What the task requires: Every line from the one with "Case of (24)" to the end of the listing, and nothing else, is to be printed exactly; please leave the pictures out.

Data to use:
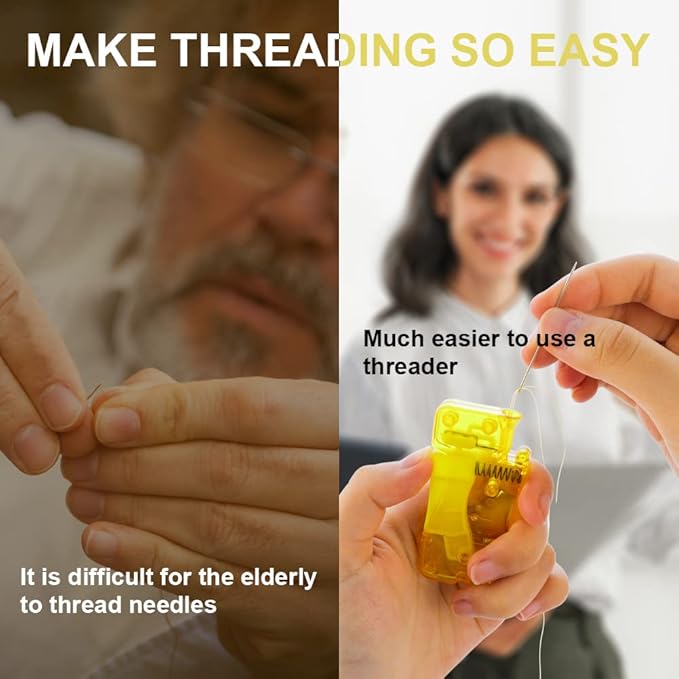 5 Pcs Automatic Needle Threader Easy Needle Threader Tool Self-Thread Guide Plastic Sewing Accessories Sewing Needle Device for Hand Stitching and Sewing Machine Quick Needle Threading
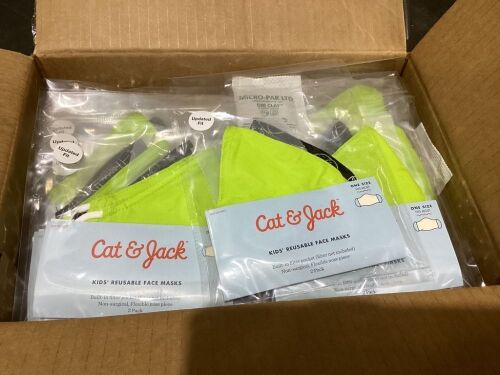 Case of (24) Cat & Jack Kid's Reusable Face Masks  - Lot 619
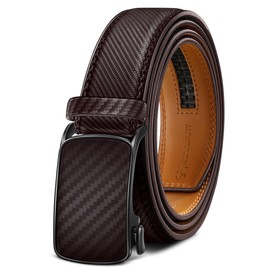 BULLIANT Men's Ratchet Belt Nontrimmable-Click Belt Adjustable for Men Gift Lightweight 1 3/8"(Deep Brown,32"-38" Waist Adjustable)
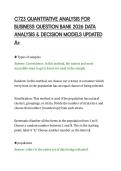 C723 QUANTITATIVE ANALYSIS FOR&NewLine;BUSINESS QUESTION BANK 2026 DATA&NewLine;ANALYSIS & DECISION MODELS UPDATED&NewLine;A&plus;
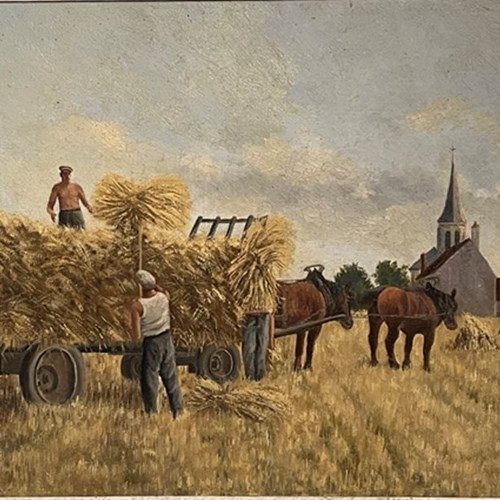 20Th Century French Painting 'The Harvest'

Response box:
 Case of (24) Cat & Jack Kid's Reusable Face Masks  - Lot 619
 BULLIANT Men's Ratchet Belt Nontrimmable-Click Belt Adjustable for Men Gift Lightweight 1 3/8"(Deep Brown,32"-38" Waist Adjustable)
 C723 QUANTITATIVE ANALYSIS FOR&NewLine;BUSINESS QUESTION BANK 2026 DATA&NewLine;ANALYSIS & DECISION MODELS UPDATED&NewLine;A&plus;
 20Th Century French Painting 'The Harvest'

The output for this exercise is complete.